Незамысловатая, казалось бы, хроника духовно-телесного возрождения усталой женщины и маленького мальчика под лучами средиземноморского солнца — рассказ Д. Г. Лоуренса — постепенно обнаруживает несколько глубинных слоев. Новелла начинается как художественная иллюстрация к заветной и весьма спорной концепции автора об извечном поединке мужского и женского начала: «А в жизни обоих силовые заряды — его и ее — были враждебны. Подобно двум работающим вразнобой двигателям, они разносили друг друга вдрызг». Но тонкая пластика рисунка в передаче самодовлеющей и раскованной жизни человеческого тела, этого вместилища души, переводит рассказ в иное измерение и превращает в многоступенчатую сюжетную метафору единства всего живого. Дом человека — вселенная, камин в этом доме — Солнце, а падежный фундамент — Земля, материнское лоно, жизнетворящая тьма. Писатель находит удивительные образы, по-земному плотные и весомые и одновременно изысканно витиеватые, прихотливые, барочные, чтобы донести до читателя свое восприятие вечно длящейся мистерии мироздания, в котором каждой вещи определено достойное место. Кипарис, допустим, не просто дерево и не простое дерево: «Он стоял, словно страж, обозревающий море, или низкая серебристая свеча, чье громадное пламя темнело на фоне света: то земля возносила ввысь гордое пламя своего мрака». Нравственный идеал Лоуренс упрямо искал в воссоединении человека и мира, в возврате к гармоничному существованию в природной среде. Сегодня, в эпоху НТР и экологических кризисов, этому идеалу при всем его наивном руссоизме нельзя отказать в привлекательности, как не откажешь и самому писателю в последовательности, с какой он клеймил хищную, алчную цивилизацию, разоряющую землю, уродующую тела и души, оскверняющую чистые истоки жизни. «Личико его очистится от напряжения, порожденного цивилизацией», — сказано в новелле о ребенке, и этим сказано все.

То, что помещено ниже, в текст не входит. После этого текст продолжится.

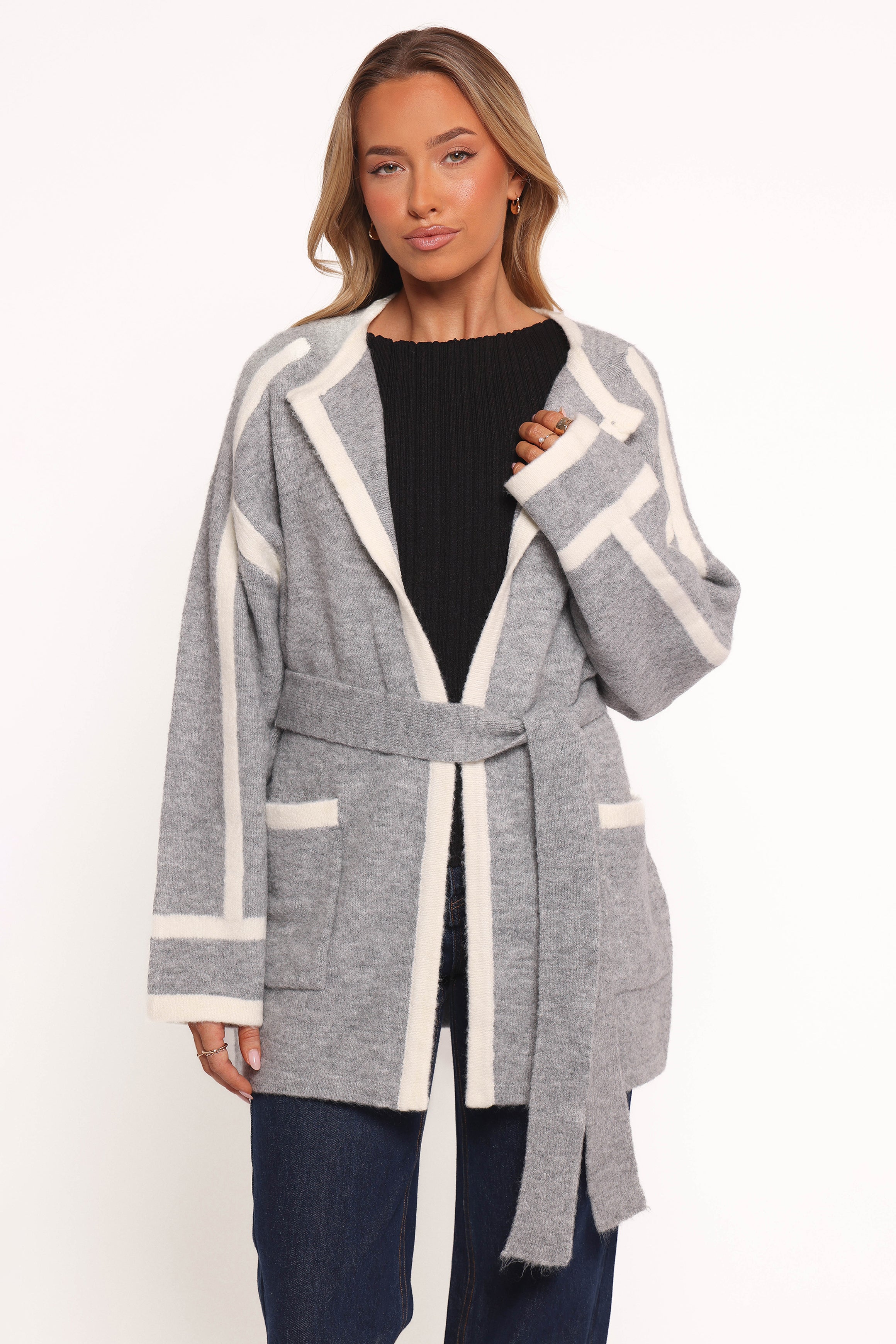 OUTERWEAR Maloney Tie Front Coatigan - Grey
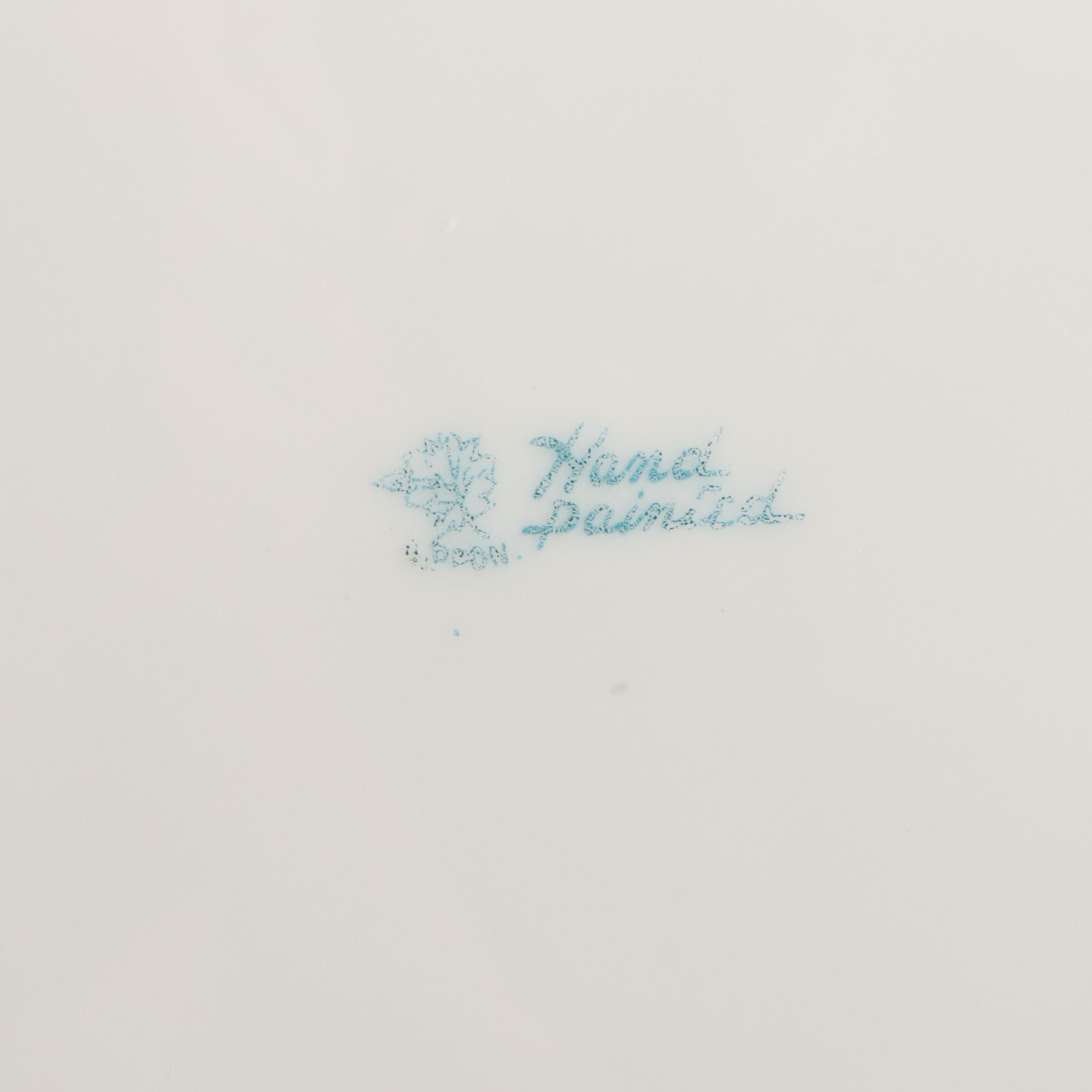 Sankyo Landscape Motif Porcelain Music Box with More Table Accessories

Анекдотическое происшествие, типично английская комедия положений с легким привкусом абсурда («Субботний вечер» О. Хаксли) становится для автора отправной точкой для развития темы убого-благородной нищеты. Тема набирает звучание, в многоголосие вплетаются и натужный лепет юного героя-заики, и остервенелое рычание сцепившихся псов, и щебет двух богатых дамочек, и профессионально вульгарная речь проститутки. Из какофонии эмоций, действий и звуков понемногу проступает абрис послевоенного английского общества с его полюсами богатства и бедности, увеселениями «золотой молодежи» и тщетными усилиями соблюсти хотя бы видимость достатка. Комедия на глазах перерождается в социальную драму, где герою, как он понимает, отведена малопочтенная роль: «…обошлись с ним так, словно он не человек, а просто какой-то инструмент, который нанимаешь, когда понадобятся его услуги, а когда заплачено, больше о нем не думаешь». (О законе «инструмента» как основе межличностных отношений в иерархическом обществе писали многие английские авторы; великолепный художественный анализ этого социально-психологического феномена дал Л. П. Хартли в романах, переведенных на русский язык.[3]) На самом же обобщенном уровне прорезается и вбирает в себя все остальные вечная тема мировой литературы — конфликт мечты и действительности: «Дальнейшее в воображении Питера расплылось в розовом тумане и наконец перешло в привычную мечту о дочери пэра, благородной вдове и одинокой сиротке, только на сей раз все происходило с двумя богинями, чьи лица виделись ему живо и явственно…» Грезы молодого клерка навеяны расхожими стереотипами «изящной жизни», но и действительность в своей гнусной пошлости под стать этим грезам, так что конфликт он переживает не менее остро, чем герой романтической поры.